Client Accounts: A Qualified Custodian must maintain the clients’ funds and securities either: In a separate account for each client under that client’s name; or In accounts that contain only clients’ funds and securities, under the adviser’s name as agent or trustee for the clients. Confirm Transfer. Confirm client authorizations for transfers, specifying the client accounts maintained with Qualified Custodians. Internal Control Report: A Related Custodian must provide an internal control report to the investment adviser. Surprise Examination: A Qualified Custodian may be required to subject itself to “surprise examinations” by an accountant.

26 What does a Qualified Custodian need to do? (2)
Account Statements: A Qualified Custodian must provide the adviser’s clients with quarterly account statements. The account statement should identify the amount of funds and each security in the account at the end of the period and set forth all transactions in the account during that period. Electronic delivery may be possible if the Qualified Custodian receives informed consent from the client and evidence of delivery. Generally, the Qualified Custodian will provide the adviser with a copy of the account statement that was delivered to the client.

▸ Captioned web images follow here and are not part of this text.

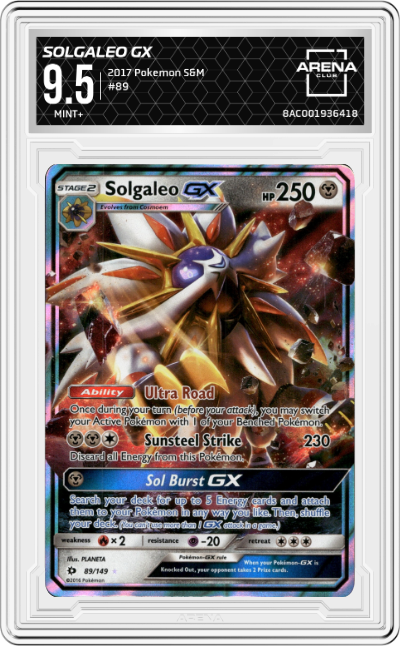 Solgaleo GX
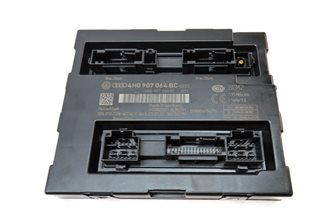 Thumbnail 11: 12 AUDI A6 C7 4G 3.0 SUPER CGXB ECM BCM IGNITION IMMOBILIZER BODY MODULE KEY SET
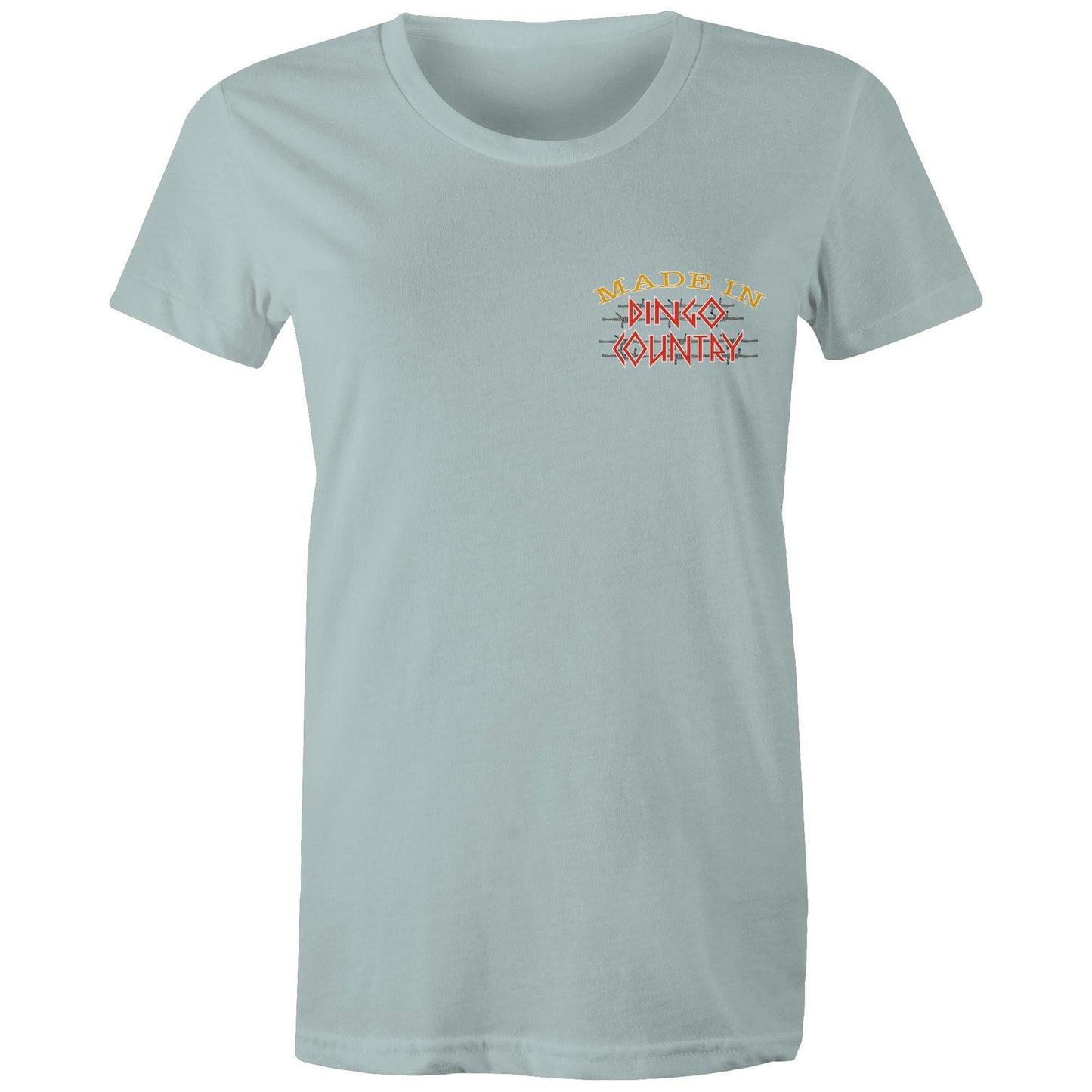 Doin my time - Women's graphic Maple T-shirt | Dingo Country streetwear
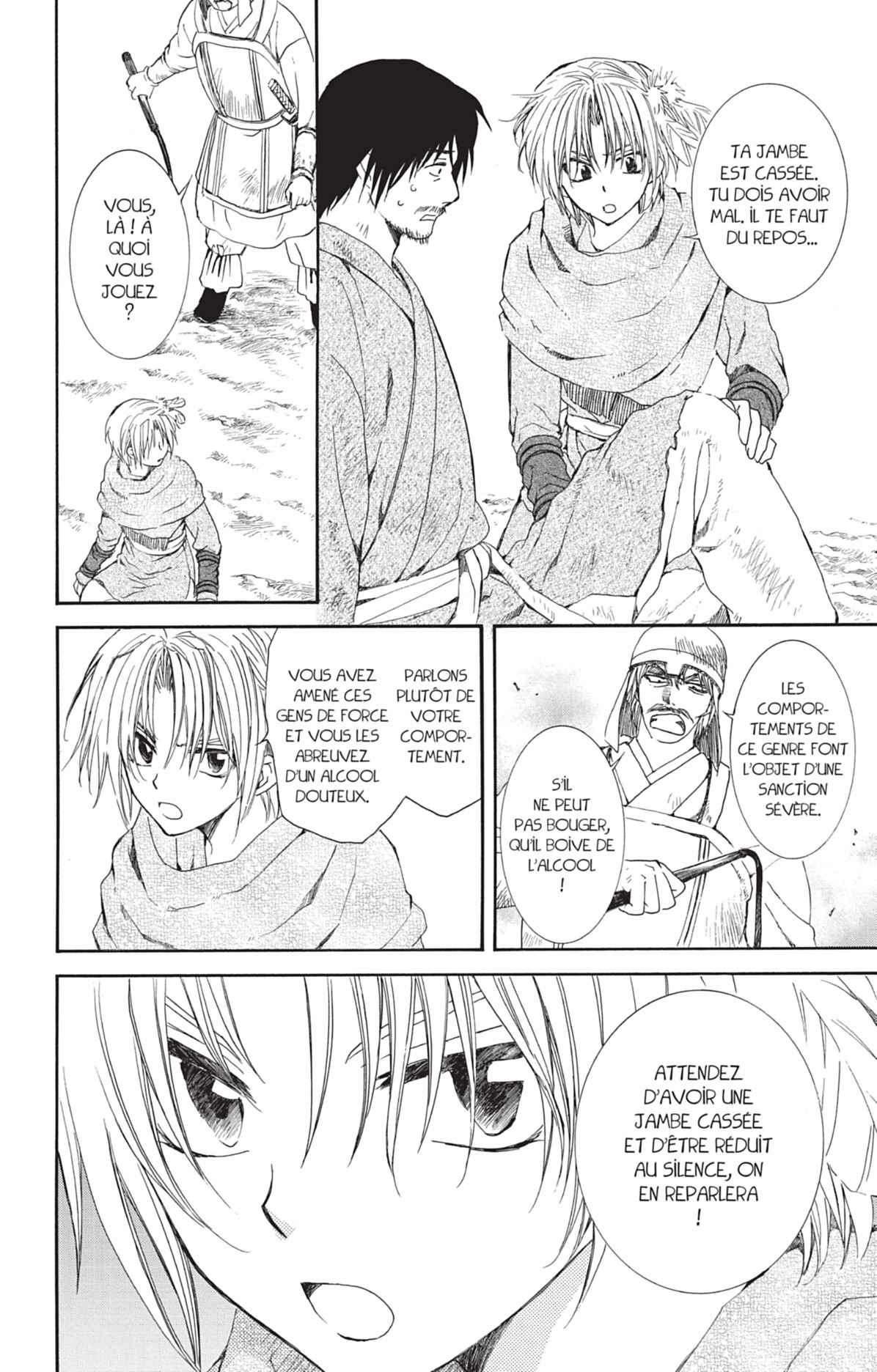 Read Akatsuki no Yona FR Manga Online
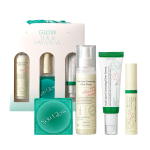 Glow Your Ownway Set (Dark Spot Correcting Glow Toner + Vegan Collagen Eye Serum + Dark Spot Correcting Glow Serum + You Glow Compact Mirror)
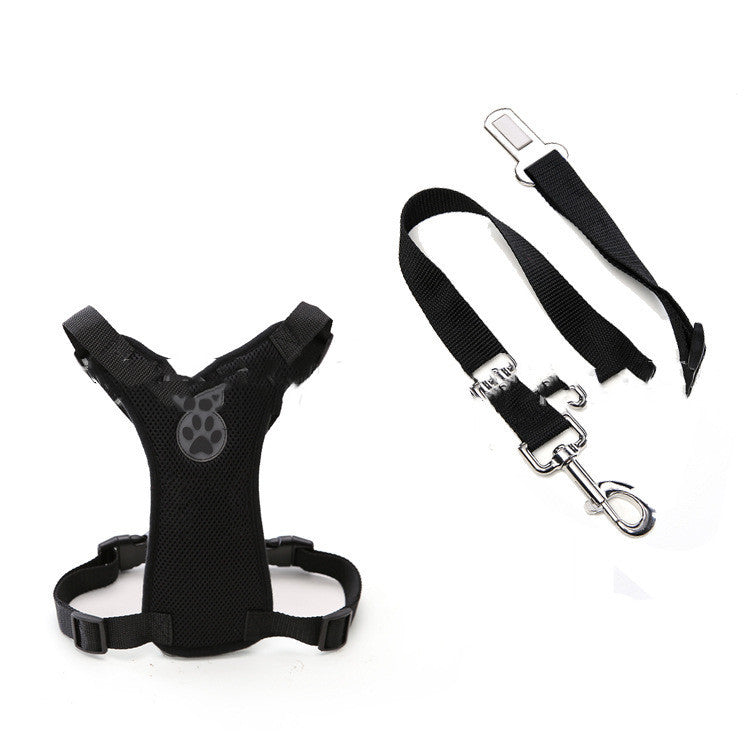 Breathable Mesh Pet Harness – Safe, Adjustable, Comfortable Fit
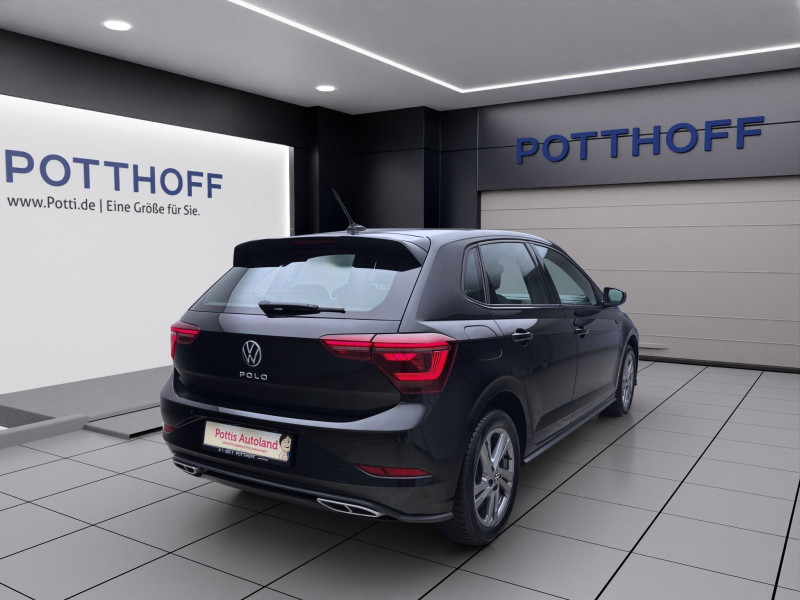 Bild 5: Volkswagen Polo 1.0 TSI DSG R-LINE IQ.LIGHT SITZHZG KLIMA DAB+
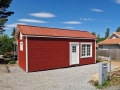 attefallshus 30m2 med loft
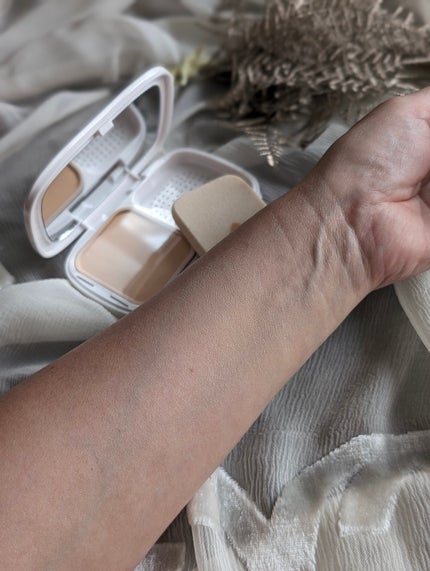 パウダーファンデーション/media luxe/パウダーファンデーションを使ったクチコミ(4枚目)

27 When is a PCAOB Registered Accountant Required?
A PCAOB Registered Accountant is required for An audit of an investment vehicle relying on the Annual Audit Exemption; A surprise examination with respect to assets held with a Related Custodian; or An internal control report.

28 Scenarios

29 Scenarios Here are some questions to consider when considering different scenarios: What are the client’s assets? Are they client assets? Follow the flows; does anyone have custody at any point? Why does the adviser have custody? Is it due to Fee Deduction Authority? If a Related Person has custody, is it in connection with the advisory services being provided? Is the Related Person operationally independent? Is the client a pooled investment vehicle? Does the advisory structure include SPVs or other legal entities set up for other purposes?